Start of Source material

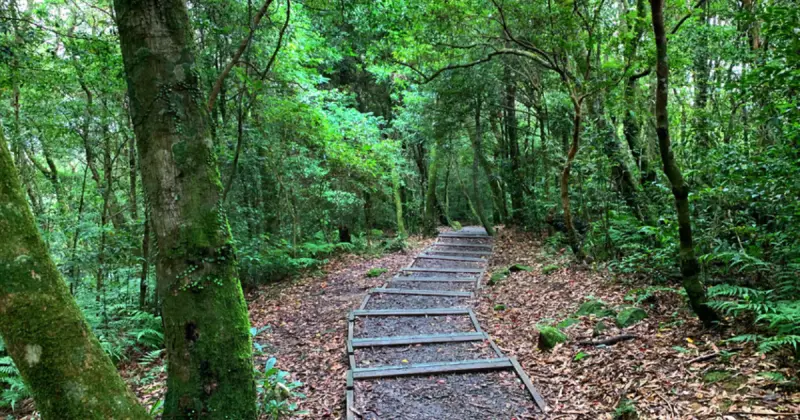 桃園復興7大必去景點！桃園森林系步道 玩水聖地，桃園人消暑景點跟著玩。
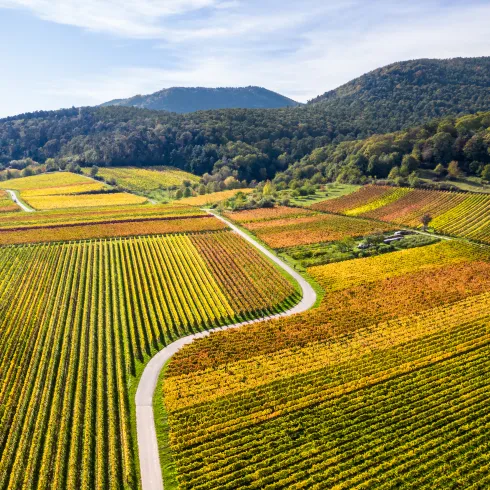 Die Weinberge in herbstlichem bunt.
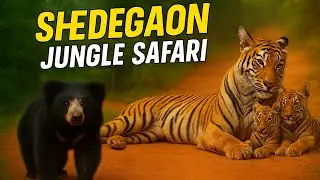 Shedegaon Gate Jungle safari Beautiful Tiger Sighting & Sloth Bear But JeesMay Dum Hai Wahi Aoo...❓️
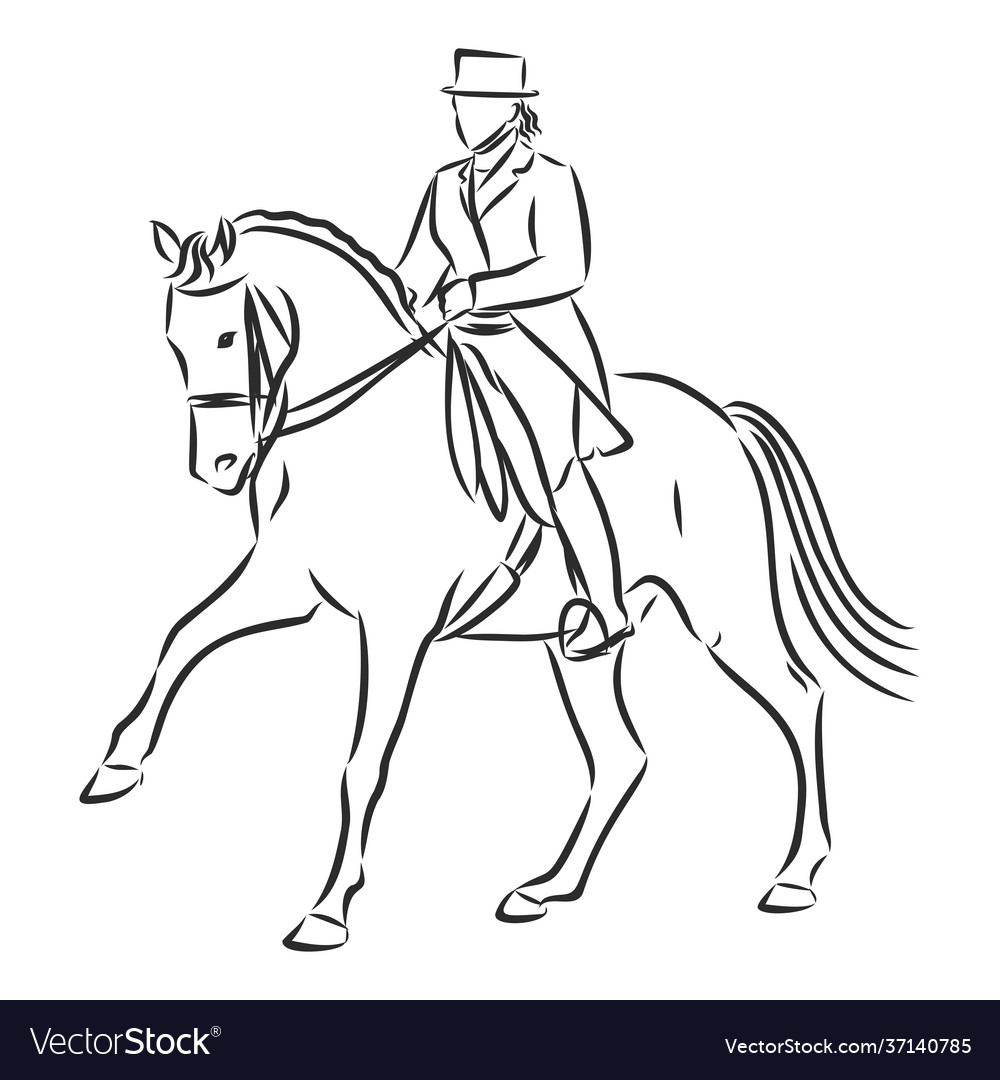 A sketch dressage rider on horse executing Vector Image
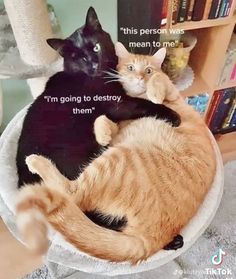 two cats are laying in a bowl on the floor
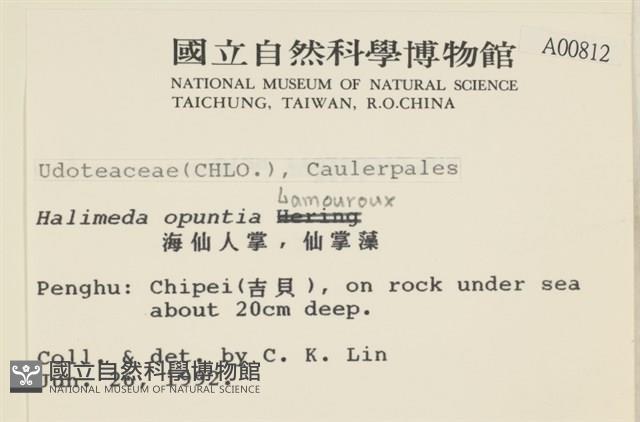 仙掌藻, 海仙人掌藏品圖，第2張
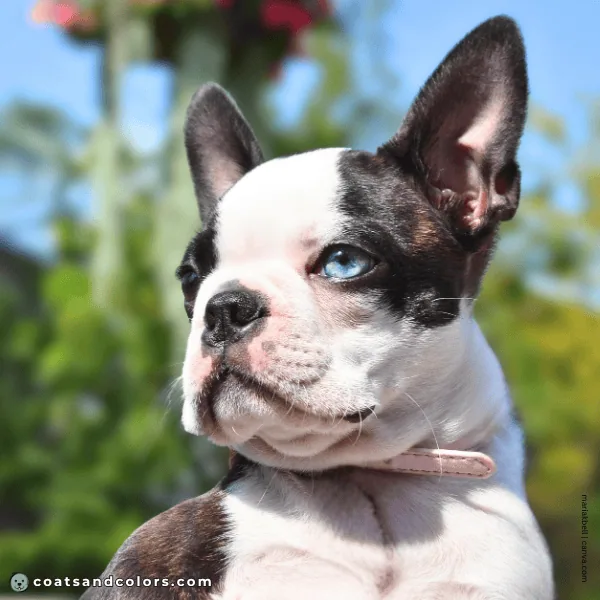 coatsandcolors.com Boston Terrier Colors blue eye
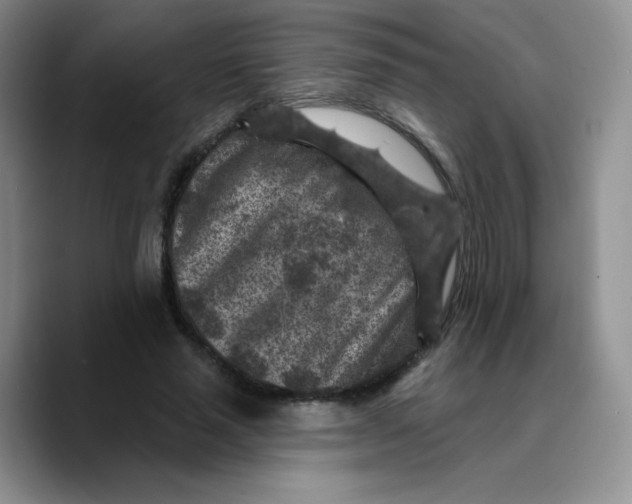 X0000089700637200707201741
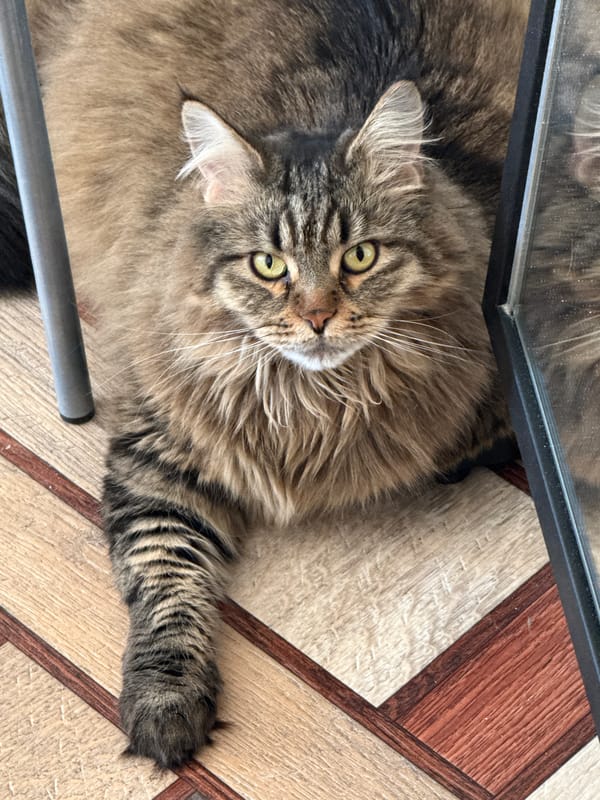 Tabby cat rests under glass table in Izhevsk home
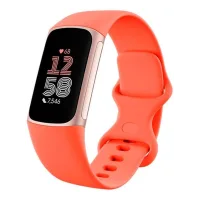 Fitbit Charge 6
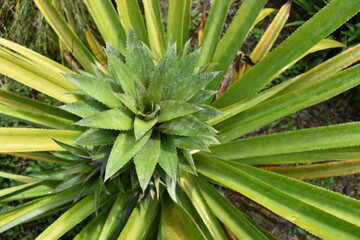typical pineapple plant growing in the garden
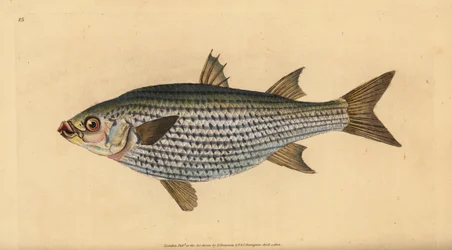 Płaskogłowa barwena, Mugil cephalus. Ręcznie barwiony miedzioryt narysowany i rytowany przez Edwarda Donovana z jego Natural History of British Fishes, Donovan and F.C. i J. Rivington, Londyn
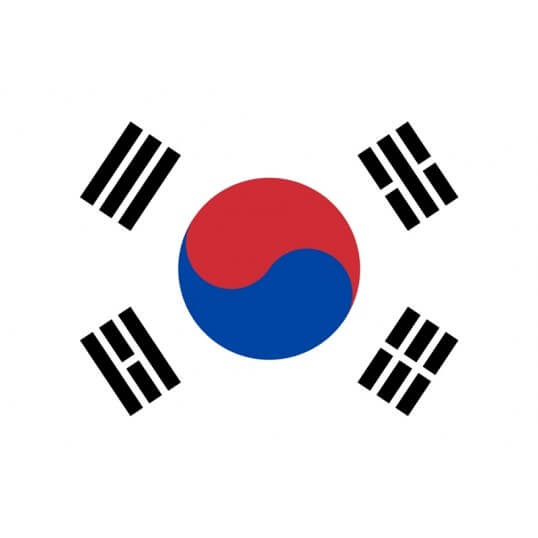 Drapeau Corée du Sud 90 x 150 cm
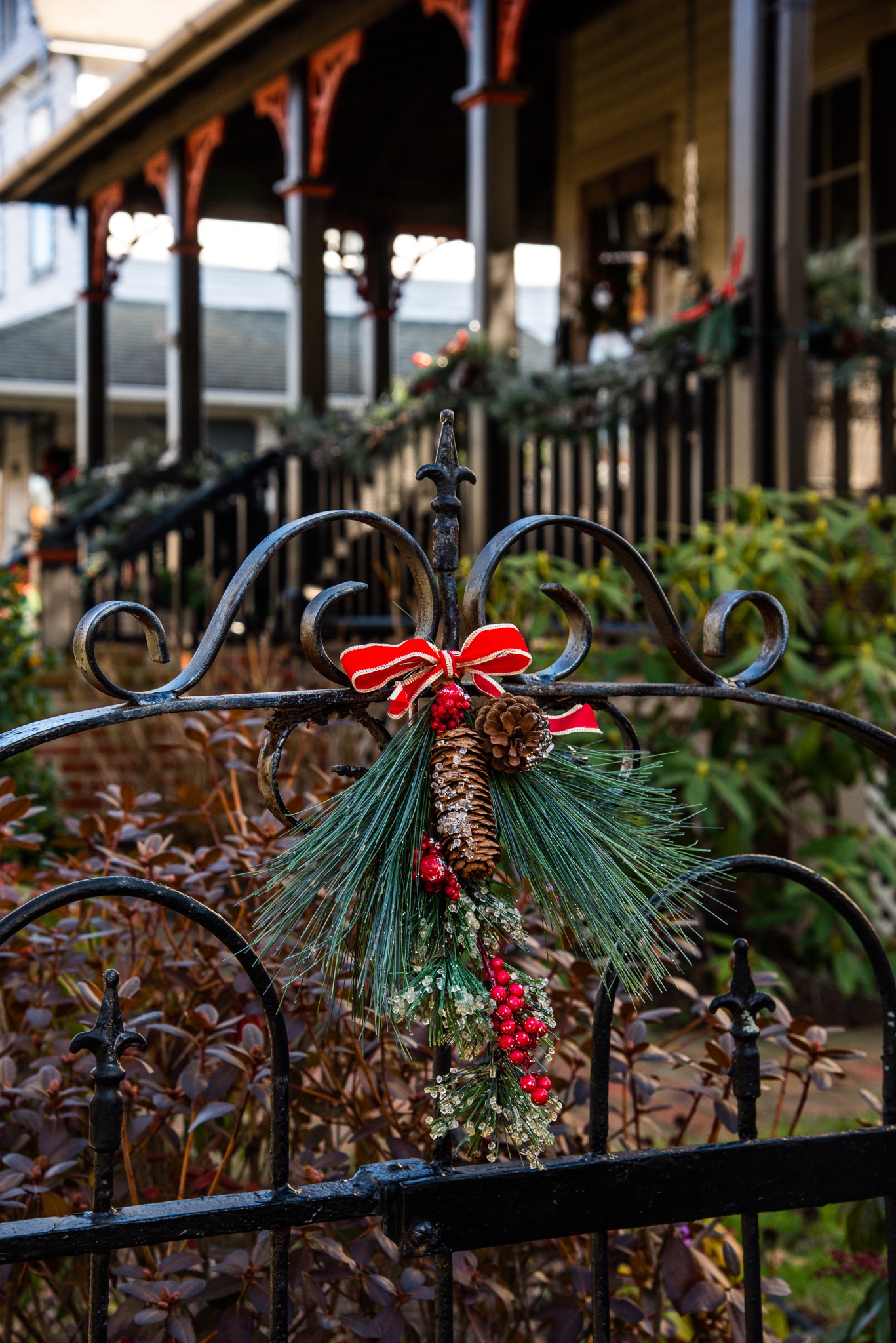 Holiday decor on a iron fence on Washington Street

End of Source material

> [Problem details] Please give the data again in full, exactly as written, but without any images.

> [The answer]
 桃園復興7大必去景點！桃園森林系步道 玩水聖地，桃園人消暑景點跟著玩。
 Die Weinberge in herbstlichem bunt.
 Shedegaon Gate Jungle safari Beautiful Tiger Sighting & Sloth Bear But JeesMay Dum Hai Wahi Aoo...❓️
 A sketch dressage rider on horse executing Vector Image
 two cats are laying in a bowl on the floor
 仙掌藻, 海仙人掌藏品圖，第2張
 coatsandcolors.com Boston Terrier Colors blue eye
 X0000089700637200707201741
 Tabby cat rests under glass table in Izhevsk home
 Fitbit Charge 6
typical pineapple plant growing in the garden
 Płaskogłowa barwena, Mugil cephalus. Ręcznie barwiony miedzioryt narysowany i rytowany przez Edwarda Donovana z jego Natural History of British Fishes, Donovan and F.C. i J. Rivington, Londyn
 Drapeau Corée du Sud 90 x 150 cm
 Holiday decor on a iron fence on Washington Street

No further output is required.